Turkey’s threat to invade northern Iraq and attack bases of the Kurdistan Workers’ Party (PKK) , “has sent prices spiraling upwards, primarily because the words ‘conflict’ and ‘Middle East’ always cause traders to respond with alarm,” said Michael C. Lynch, president of Strategic Energy & Economic Research Inc., Amherst, Mass. However, Lynch said, “The Turks are unlikely to do much more than cross into border regions and attack the mountain bases near there, which are well away from any oil producing areas (located mostly near Kirkuk, over 200 km from the border).” He said, “Some military action can be expected, but it is unlikely to be major and should be dismissed by the market fairly quickly.”

Meanwhile, Yergin said, “Oil prices are becoming increasingly decoupled from the fundamentals of supply and demand.” He said, “What we’re seeing in the oil market today is rooted more in the cauldrons of geopolitics and the impact of financial markets, expectations, and psychology than in supply and demand, but these are real factors.” He cited the impact on the energy market over the previous 2 weeks of tougher rhetoric over Iran’s nuclear program and heightened tension between Turkey and Iraq.

Yergin emphasized the importance of Russia in global energy markets in this decade. “While there has been so much attention around the world to the rapid increase in Chinese oil consumption, the growth in Russian oil production between 2000 and 2006-2.9 million b/d-exceeded the 2.5 million b/d increase in Chinese oil demand over the same period,” he said. “But while Chinese consumption continues to go up, Russia’s increase in output is flattening out rapidly owing to swiftly rising costs and very high government taxes on oil production.”

He told the Georgetown University conference, “Although publics and governments around the world are focused on prices, one of the most important factors in the world oil industry is the rapid rise in costs owing to shortages of people, equipment, and skills.”

Natural gas

Natural gas has become “arguably the most contentious issue” between Europe and Russia, which is the world’s largest producer of natural gas and the major exporter to Europe, Yergin said.

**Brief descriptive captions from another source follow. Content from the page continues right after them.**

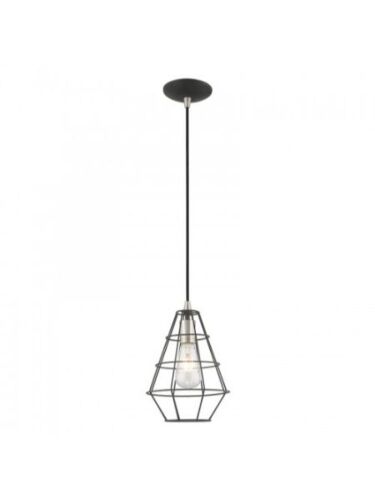 livex-lighting_41322-04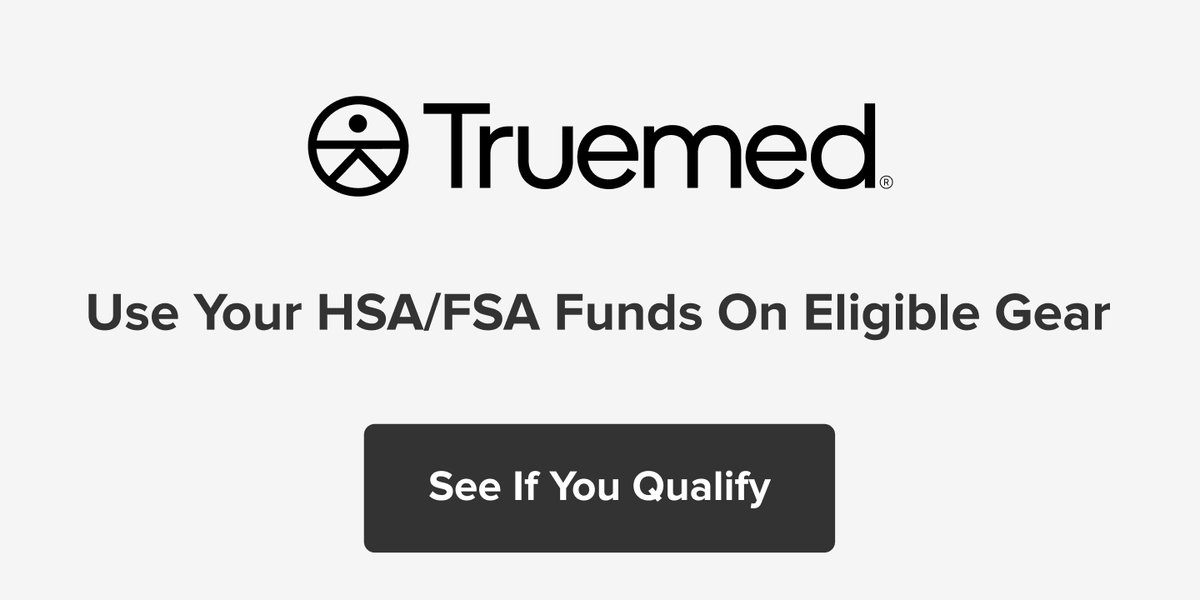 Truemed logo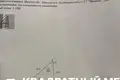 Земельные участки  Колодищанский сельский Совет, Беларусь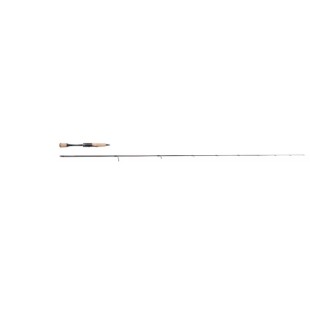 Wędka Shimano Poison Glorious Spinning - 2,03m 5-15g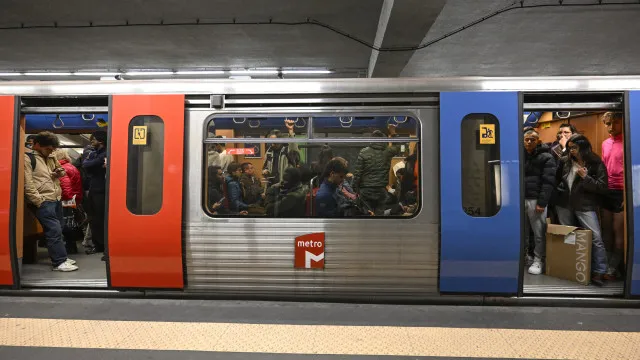 retomada-circulacao-na-linha-vermelha-do-metro-de-lisboa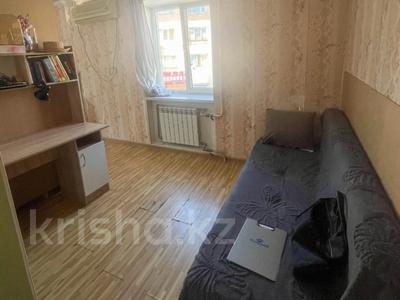 1-комнатная квартира · 30.5 м² · 2/5 этаж, Центр за ~ 9.8 млн 〒 в Талдыкоргане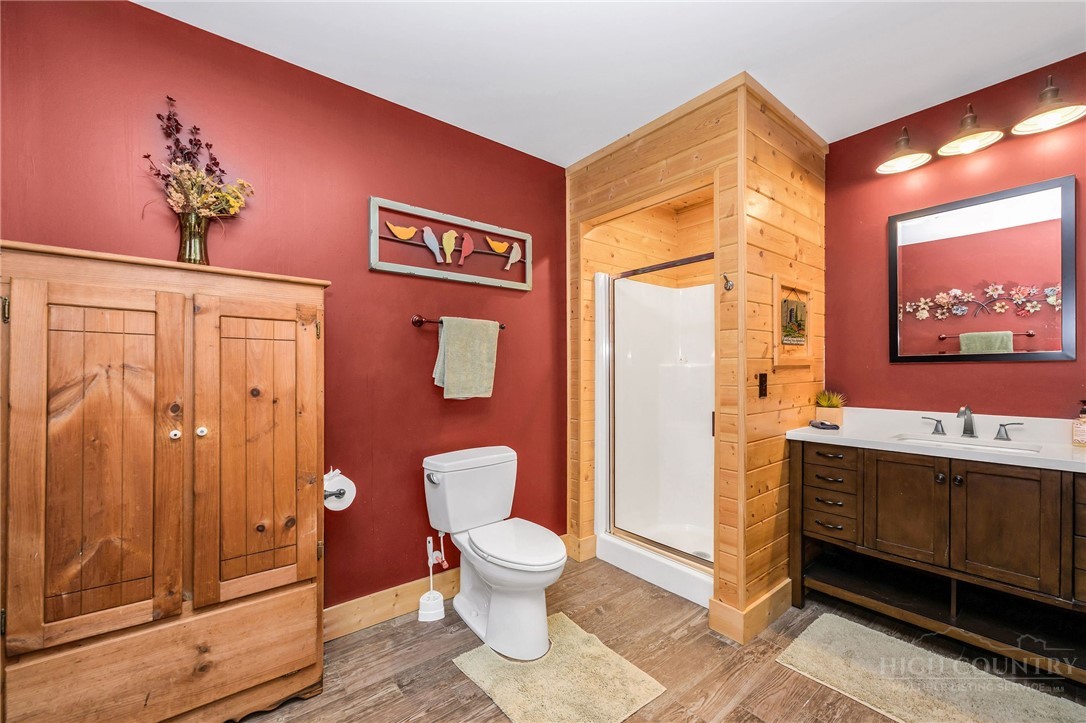 4098 Roundabout Road Property Photo 43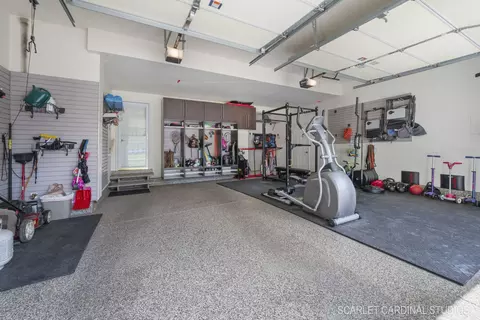 611 Wakeman Ave, Wheaton, IL 60187 photo 33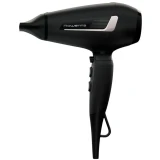 Фен Rowenta (CV8810F0)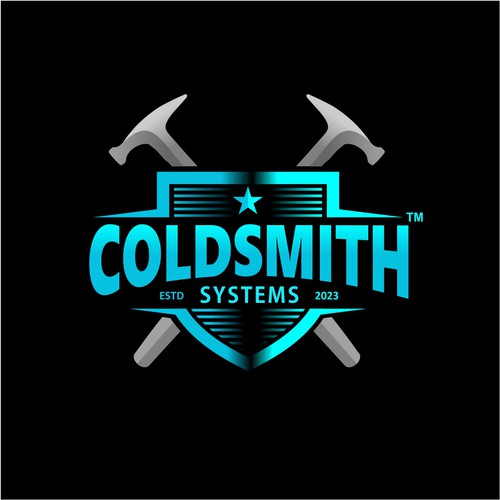 New trademark Design by LOGOMAN*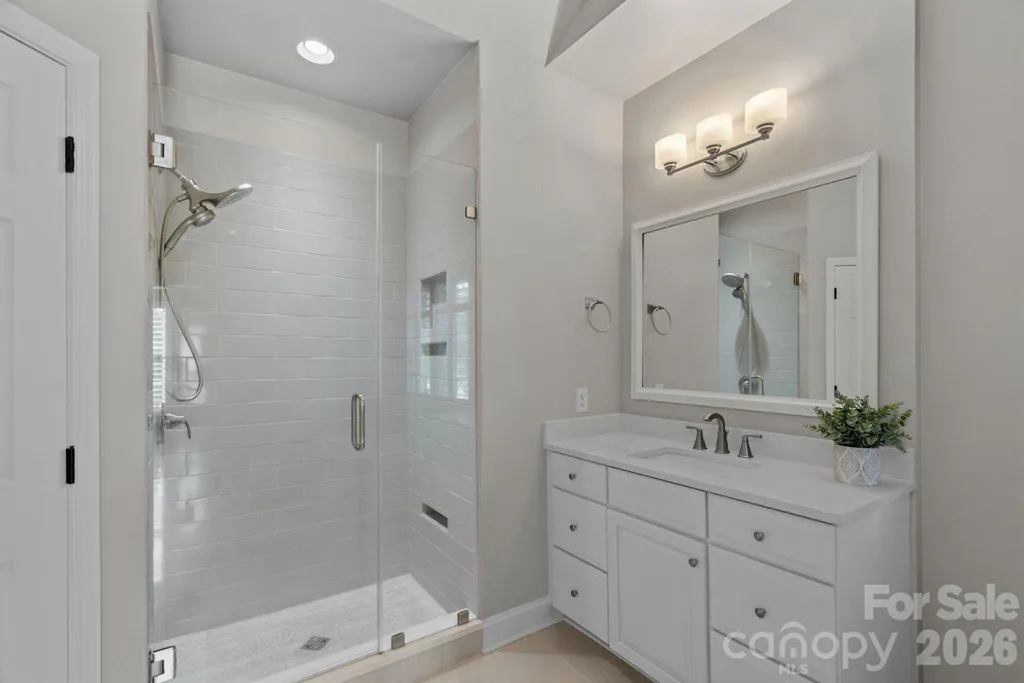 817 Wheatfield Drive Waxhaw NC 28173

A new CERA study of the gas interdependence between Europe and Russia shows “structural reasons” for that tension, because of major changes in Russia, Europe, and the international gas market itself over the last decades.

The US National Petroleum Council estimates world energy consumption is likely to increase by 50-60% over the next quarter century, Yergin said. “Meeting that demand in an environmentally-sound way will be a very major challenge for all energy-producing countries, including both Russia and the US,”he said. “And the results will have a decisive impact on how nations define their energy security and what they do about it.”